« L’histoire de nos parents immigrés en France n’est racontée nulle part »

L’insouciance d’Aya Cissoko a volé en éclat la nuit du 27 novembre 1986. Elle venait à peine de fêter ses 8 ans lorsqu’un incendie d’origine criminelle a ravagé l’immeuble où elle habitait avec sa famille, faisant huit victimes, dont son père, 46 ans, et sa petite sœur, Massou, âgée de 5 ans. L’année suivante, elle perd son frère, Moussa, décédé à l’âge de 5 ans d’une méningite non diagnostiquée. Elle apprend la même année que sa mère souffre d’une grave insuffisance rénale.

Depuis, elle aura connu mille vies. Trois fois championne du monde de boxe, elle est devenue comédienne et romancière à succès. Danbé (co-écrit avec Marie Desplechin, Calman-Lévy, 2011), premier opus d’une trilogie qu’elle vient de clore avec Au nom de tous les tiens (Seuil), qu’elle adresse à sa fille de neuf ans.
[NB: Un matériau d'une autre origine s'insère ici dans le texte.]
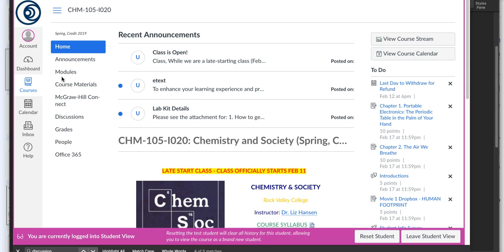In terms of my late work policy, you can review it in detail on the course syllabus. The basics are: labs are accepted late with a two point per day penalty, and your movie summaries are accepted late with a one point per day penalty. Nothing else is accepted late. So if you've missed some work, you've got a couple of days to get it in while it's still worth some credit — please don't wait too long.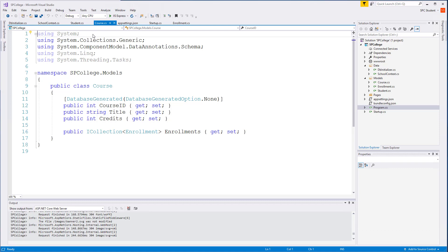Now that we've created our models, data initializer, and school context, we would like the database to be created automatically and be able to see that database and the data in it without using our application. On startup, .NET Core has a mechanism to create that data.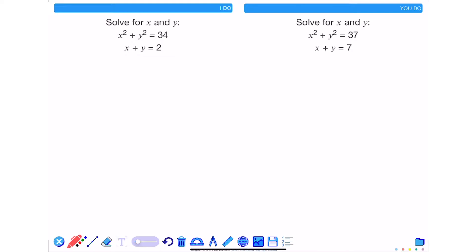In this video we're going to take a look at how we can solve simultaneous equations where one is linear and the other is nonlinear. Normally with simultaneous equations we can solve them through elimination, but in this case the powers on the x's and y's are not the same, so we can't eliminate x with x and y with y. In this case what we'll need to do is use substitution.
Si elle porte un regard plus que lointain sur le Mali qui l’a vue naître, son regarde sur la teneur du débat politique en France est acéré, et critique. Très inquiète de la montée de l’extrême droite et la banalisation du racisme, elle plaide aussi pour que les nouvelles générations puissent se construire ses propres héros.

En France, Emmanuel Macron s’est imposé face à Marine Le Pen. Êtes-vous soulagée ?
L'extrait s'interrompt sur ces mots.